Over to Daniel to try this on a subset of the data as you have asked.

Mark
[25 Nov 2005 2:37] Daniel Kinzler
I have been unable to reproduce the problem myself... I had tried creating another table with the exact same create statement and copying data over - the new table didn't have the problem. I did not copy all data, though.

In the mean time, I have lost the original dataset due to several crashes (see support issue #7378 (not the bug with that id!), that was the same box). I have since started to re-fill the table, and the problem did not occur again. I'm not sure if I should be happy or worried about this.

Anyway, I don't have nearly as much data in there yes as before... maybe that's the trigger. Or maybe it was due to corrupted index data caused by previous crashes. Analyze table did not help, though. Oh, another detail: I originally had the same problem with another table in the same database.

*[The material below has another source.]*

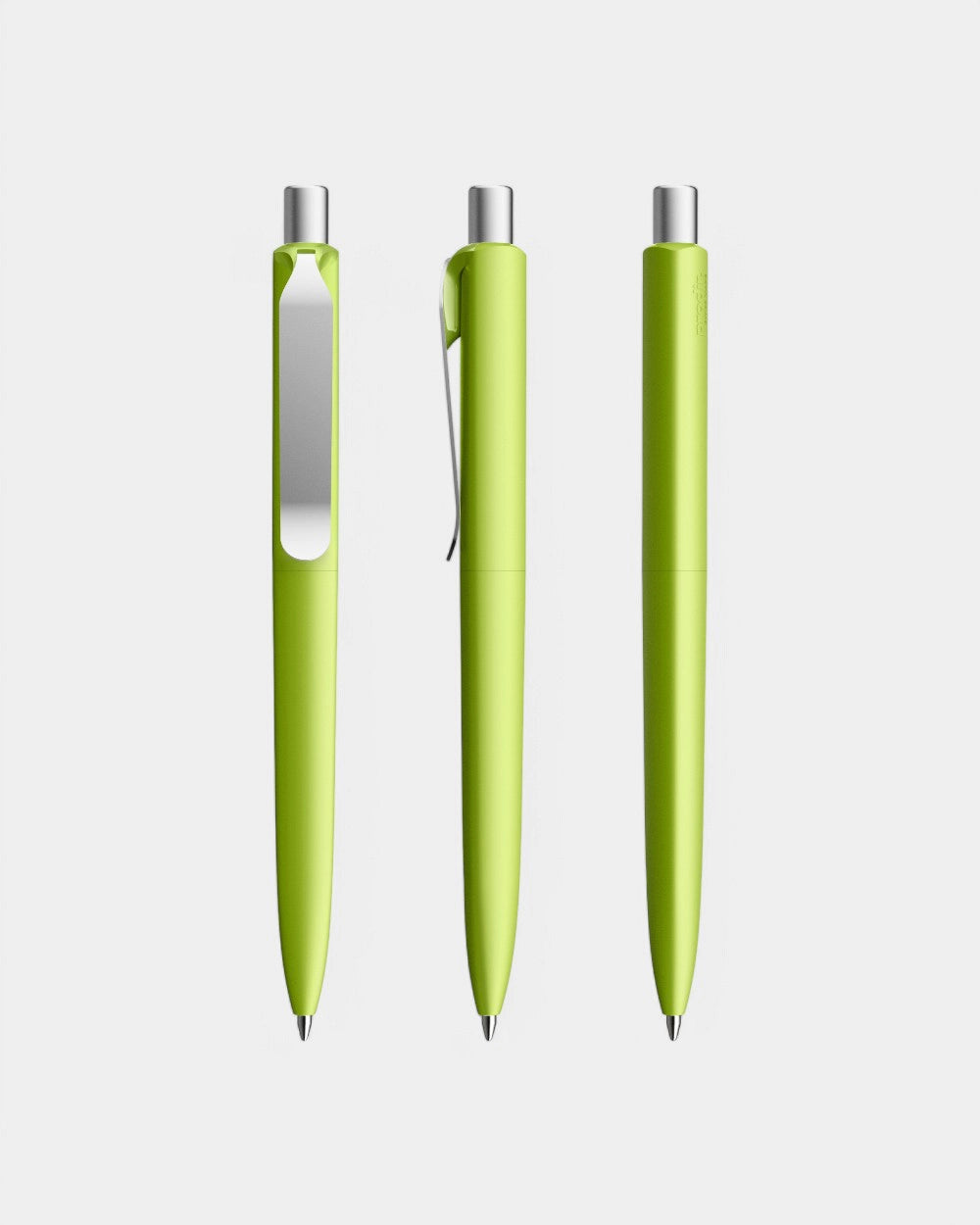 Stylo DS8 Prodir à personnaliser - 44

Anyway, I'll let you know if it happens again. Thanks for your prompt response!
[25 Nov 2005 7:27] Valeriy Kravchuk
Thank you for the additional checks. Please, reopen this report if you'll see similar optimizer behaviour again on any table.
[26 Dec 2005 0:00] Bugs System
No feedback was provided for this bug for over a month, so it is
being suspended automatically. If you are able to provide the
information that was originally requested, please do so and change
the status of the bug back to "Open".